Defendant did not testify. However, James Bush testified that defendant and Cheryl were at his Philadelphia house, without a car, at 3:30 or 3:45 p.m. on Sunday August 25, 1985, the day of the Gloucester County shooting. Bush claimed that he had known defendant for 25 to 30 years and had never known him to be a "hit man". Moreover, Michael Woulfe testified that when he and Wilkerson were in the Gloucester County Jail, Wilkerson had told him that Wilkerson would have to frame defendant in order to get a good deal, and that he was planning on doing so.

Defendant's primary defense was alibi. In support of this, defendant's wife testified that defendant arrived home on the evening of August 23, 1985 at 6:30 p.m.

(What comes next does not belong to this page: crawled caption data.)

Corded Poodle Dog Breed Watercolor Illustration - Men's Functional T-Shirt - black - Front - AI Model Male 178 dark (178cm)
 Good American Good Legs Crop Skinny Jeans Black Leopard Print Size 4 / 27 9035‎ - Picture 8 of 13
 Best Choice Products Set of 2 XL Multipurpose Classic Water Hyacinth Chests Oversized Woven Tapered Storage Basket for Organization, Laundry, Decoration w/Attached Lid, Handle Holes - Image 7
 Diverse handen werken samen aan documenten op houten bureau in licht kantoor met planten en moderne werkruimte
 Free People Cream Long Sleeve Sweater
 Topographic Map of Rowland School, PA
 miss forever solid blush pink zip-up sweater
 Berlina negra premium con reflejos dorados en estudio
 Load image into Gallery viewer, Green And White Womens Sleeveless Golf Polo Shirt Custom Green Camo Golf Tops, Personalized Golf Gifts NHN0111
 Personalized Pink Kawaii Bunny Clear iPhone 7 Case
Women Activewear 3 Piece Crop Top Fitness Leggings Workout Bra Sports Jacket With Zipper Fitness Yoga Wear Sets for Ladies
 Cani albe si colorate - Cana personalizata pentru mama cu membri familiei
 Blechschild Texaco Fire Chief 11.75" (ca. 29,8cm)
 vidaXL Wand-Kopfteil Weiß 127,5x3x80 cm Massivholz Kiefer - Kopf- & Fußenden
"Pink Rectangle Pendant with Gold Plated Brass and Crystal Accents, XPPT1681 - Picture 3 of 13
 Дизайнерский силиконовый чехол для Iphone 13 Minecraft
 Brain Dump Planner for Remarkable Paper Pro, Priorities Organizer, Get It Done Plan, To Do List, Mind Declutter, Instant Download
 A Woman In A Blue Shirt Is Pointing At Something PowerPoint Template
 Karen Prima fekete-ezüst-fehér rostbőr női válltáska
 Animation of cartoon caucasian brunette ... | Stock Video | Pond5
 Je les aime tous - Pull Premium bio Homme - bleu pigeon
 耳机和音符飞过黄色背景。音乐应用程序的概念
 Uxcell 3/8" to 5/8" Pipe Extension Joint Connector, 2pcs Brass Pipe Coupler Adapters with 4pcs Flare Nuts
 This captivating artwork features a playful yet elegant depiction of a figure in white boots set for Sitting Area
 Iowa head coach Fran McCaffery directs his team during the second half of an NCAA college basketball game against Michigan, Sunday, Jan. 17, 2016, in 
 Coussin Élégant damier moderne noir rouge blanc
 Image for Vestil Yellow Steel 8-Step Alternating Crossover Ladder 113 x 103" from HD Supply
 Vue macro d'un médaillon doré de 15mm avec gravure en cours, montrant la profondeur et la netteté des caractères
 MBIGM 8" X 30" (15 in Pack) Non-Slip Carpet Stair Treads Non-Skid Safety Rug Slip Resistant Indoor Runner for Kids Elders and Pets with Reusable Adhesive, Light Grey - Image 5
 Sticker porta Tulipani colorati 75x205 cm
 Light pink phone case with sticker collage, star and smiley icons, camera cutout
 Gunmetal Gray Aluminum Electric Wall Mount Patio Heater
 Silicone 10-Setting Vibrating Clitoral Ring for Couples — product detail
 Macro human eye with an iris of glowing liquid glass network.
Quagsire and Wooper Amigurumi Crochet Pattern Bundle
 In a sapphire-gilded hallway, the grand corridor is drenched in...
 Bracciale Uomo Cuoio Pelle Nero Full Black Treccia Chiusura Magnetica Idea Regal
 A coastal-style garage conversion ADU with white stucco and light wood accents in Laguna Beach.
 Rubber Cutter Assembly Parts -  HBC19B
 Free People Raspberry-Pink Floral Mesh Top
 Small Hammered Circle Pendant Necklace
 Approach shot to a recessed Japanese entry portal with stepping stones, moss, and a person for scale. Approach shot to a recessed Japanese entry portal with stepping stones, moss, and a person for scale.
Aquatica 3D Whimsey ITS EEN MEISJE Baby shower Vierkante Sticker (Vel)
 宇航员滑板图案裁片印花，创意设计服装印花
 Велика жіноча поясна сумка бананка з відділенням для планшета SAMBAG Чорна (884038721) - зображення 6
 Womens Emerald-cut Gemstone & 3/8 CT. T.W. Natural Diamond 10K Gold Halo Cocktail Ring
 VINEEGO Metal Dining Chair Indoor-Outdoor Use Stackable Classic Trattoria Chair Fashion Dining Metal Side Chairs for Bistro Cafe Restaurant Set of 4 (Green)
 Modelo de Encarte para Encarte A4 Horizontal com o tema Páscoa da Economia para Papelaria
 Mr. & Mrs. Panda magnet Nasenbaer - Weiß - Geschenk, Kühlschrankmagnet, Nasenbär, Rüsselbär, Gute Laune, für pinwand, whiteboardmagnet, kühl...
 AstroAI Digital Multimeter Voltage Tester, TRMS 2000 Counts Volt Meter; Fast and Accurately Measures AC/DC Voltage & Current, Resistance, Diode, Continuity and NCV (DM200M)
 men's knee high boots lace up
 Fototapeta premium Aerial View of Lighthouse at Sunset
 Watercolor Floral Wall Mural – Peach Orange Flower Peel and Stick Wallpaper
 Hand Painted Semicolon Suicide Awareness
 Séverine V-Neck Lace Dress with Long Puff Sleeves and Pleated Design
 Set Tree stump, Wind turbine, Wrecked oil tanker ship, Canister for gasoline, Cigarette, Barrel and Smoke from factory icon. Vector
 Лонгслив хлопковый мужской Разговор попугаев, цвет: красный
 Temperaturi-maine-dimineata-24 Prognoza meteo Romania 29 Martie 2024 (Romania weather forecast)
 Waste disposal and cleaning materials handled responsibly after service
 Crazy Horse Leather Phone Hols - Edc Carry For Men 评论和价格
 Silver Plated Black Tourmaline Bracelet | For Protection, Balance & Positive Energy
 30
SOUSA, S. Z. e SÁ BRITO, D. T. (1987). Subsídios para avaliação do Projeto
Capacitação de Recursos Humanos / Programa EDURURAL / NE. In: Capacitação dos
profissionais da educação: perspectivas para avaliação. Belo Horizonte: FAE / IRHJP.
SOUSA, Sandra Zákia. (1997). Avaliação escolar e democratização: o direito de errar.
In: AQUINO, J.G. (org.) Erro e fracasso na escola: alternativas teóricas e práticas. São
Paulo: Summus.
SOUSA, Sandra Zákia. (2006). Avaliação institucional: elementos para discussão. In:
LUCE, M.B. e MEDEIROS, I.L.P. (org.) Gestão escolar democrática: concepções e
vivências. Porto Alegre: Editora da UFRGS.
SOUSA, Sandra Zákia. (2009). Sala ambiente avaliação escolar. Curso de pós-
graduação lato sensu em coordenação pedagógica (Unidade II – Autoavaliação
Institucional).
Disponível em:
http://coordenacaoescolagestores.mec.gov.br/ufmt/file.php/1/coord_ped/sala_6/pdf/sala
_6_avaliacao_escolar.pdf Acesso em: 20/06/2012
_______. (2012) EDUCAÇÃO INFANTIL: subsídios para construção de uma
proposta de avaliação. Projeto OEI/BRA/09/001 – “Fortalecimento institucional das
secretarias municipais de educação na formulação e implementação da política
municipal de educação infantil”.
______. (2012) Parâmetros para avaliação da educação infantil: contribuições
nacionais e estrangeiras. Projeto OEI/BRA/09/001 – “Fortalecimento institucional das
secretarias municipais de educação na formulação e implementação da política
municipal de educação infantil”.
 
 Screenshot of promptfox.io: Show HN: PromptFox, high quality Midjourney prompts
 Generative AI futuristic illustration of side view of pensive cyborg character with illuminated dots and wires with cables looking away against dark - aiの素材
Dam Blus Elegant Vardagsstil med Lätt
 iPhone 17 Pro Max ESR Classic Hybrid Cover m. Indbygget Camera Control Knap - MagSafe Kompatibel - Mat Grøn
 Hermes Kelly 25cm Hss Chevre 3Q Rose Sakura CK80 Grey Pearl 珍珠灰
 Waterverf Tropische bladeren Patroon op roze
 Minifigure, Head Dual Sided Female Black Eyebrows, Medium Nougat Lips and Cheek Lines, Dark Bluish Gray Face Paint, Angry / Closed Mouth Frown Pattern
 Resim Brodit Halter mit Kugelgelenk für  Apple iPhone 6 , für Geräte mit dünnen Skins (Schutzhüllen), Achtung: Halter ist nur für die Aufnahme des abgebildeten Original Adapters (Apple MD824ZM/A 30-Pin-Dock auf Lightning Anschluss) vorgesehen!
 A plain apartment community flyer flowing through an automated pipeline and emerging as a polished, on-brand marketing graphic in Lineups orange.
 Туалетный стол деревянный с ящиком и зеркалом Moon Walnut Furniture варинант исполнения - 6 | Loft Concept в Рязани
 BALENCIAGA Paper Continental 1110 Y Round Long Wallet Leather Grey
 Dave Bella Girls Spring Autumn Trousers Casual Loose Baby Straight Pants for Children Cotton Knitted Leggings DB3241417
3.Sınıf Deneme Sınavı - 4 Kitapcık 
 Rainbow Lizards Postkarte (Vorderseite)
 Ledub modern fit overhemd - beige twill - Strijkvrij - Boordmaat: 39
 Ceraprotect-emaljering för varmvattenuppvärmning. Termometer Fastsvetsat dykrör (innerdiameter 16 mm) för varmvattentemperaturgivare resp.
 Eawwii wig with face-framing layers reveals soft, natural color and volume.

He left the house briefly with a man named William Bruce and returned in time to attend a party at defendant's sister, Kathy Turner's house. Defendant and his wife did not have a car at the time, so they attended the party by way of public transportation. According to Cheryl, the party was held "for our son Dimples, Cynthia [Carter] and Earl [Fowler]." They arrived at the party at 8:00 p.m. and did not leave until 7:30 a.m. the next day. Various pictures of them at the party were admitted into evidence. Elsie Clark, defendant's sister, testified similarly about the party, but could not remember the exact date on which it occurred.

On appeal, defendant raises the following points in the brief filed by counsel:

I. DEFENDANT DID NOT KNOWINGLY AND INTELLIGENTLY WAIVE HIS RIGHT TO COUNSEL, IN VIOLATION OF THE SIXTH AMENDMENT AND ARTICLE I, PARAGRAPH 10 OF THE NEW JERSEY CONSTITUTION. (Not Raised Below).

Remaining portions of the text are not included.